Winter 2017 Lake Drawdown

The lake drawdown will begin around the 14th of November. Please prepare your lake front areas for the winter. Now is good time to plant and enhance the filtering capability of your shoreline. Every bit helps to keep our lake cleaner.

Annual 2017 Membership Meeting

The 2017 annual membership meeting was held at 12:00 pm on July 8, 2017 at the Mahopac Public Library, 3rd floor.   Thank you to all of those that attended. 


Volunteers Step Up at 2016 Meeting

Photos from the July 9, 2016 KLWA Membership meeting at Mahopac Public Library. 

About 30 KLWA members, new and old, turned out for this year's Membership Meeting, Saturday, July 9 at the Mahopac Public Library. Several people have already stepped forward to take up some of the regular work involved in maintaining financial and membership records, as well as coordinating regular water chestnut hand pulls throughout the season.

Among those who volunteered were Cathy Izzo, who offered to keep KLWA's membership records and make bank deposits of contributions. Robin Belsky offered to organize the water chestnut pulls, an ongoing management project that occurs 3-4 times each season.  And prior to the meeting, Regina Calciano volunteered to pick up KLWA's post office box mail every week. 

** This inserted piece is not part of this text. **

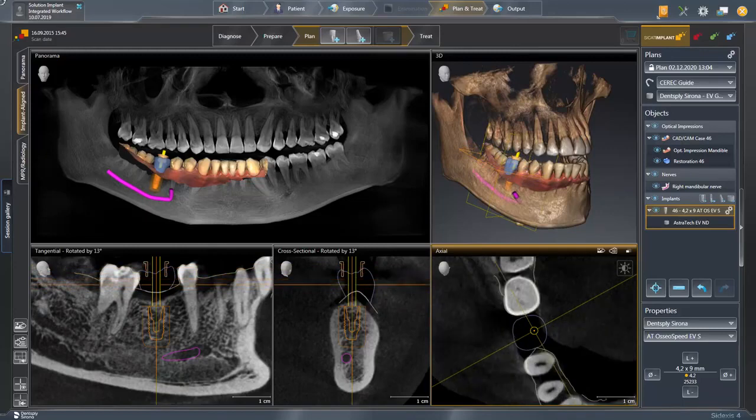The outer dimension of the prosthetic planning is marked with a blue line, and the implant axis can be realigned again in the different views so that the implant is centrally aligned in the prosthetic planning.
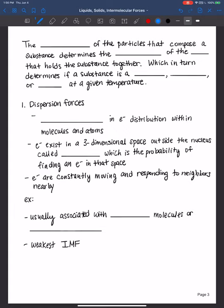Hi everyone, welcome back. In this video, we will begin our discussion of the different types of intermolecular forces. This specific video will focus on dispersion forces. The structure of the particles that compose a substance determines the magnitude of the intermolecular force that holds that substance together. We're always establishing structure-property relationships, and knowing this helps us determine if a substance is a solid, liquid, or gas at a given temperature. That's one of our main goals for studying this chapter together.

KLWA President Joe Montuori pointed out that others already volunteer in such activities as the Watershed Stewards and Carp Screen Maintenance Committees. 

"Without all of these volunteers," Joe said, "I would have no time to organize new projects that will achieve our goals. More volunteers means more progress."

Options for watershed management were also discussed and several actions were approved, while others were tabled for further consideration by the Watershed Stewards and Board of Directors. 

Homeowner education remains an important pillar of KLWA's management plan. Given that every homeowner has a septic system and yard, the association will continue to educate regarding "good housekeeping" principles through the website, Facebook page, eNewsletters, brochures, and pamphlets. 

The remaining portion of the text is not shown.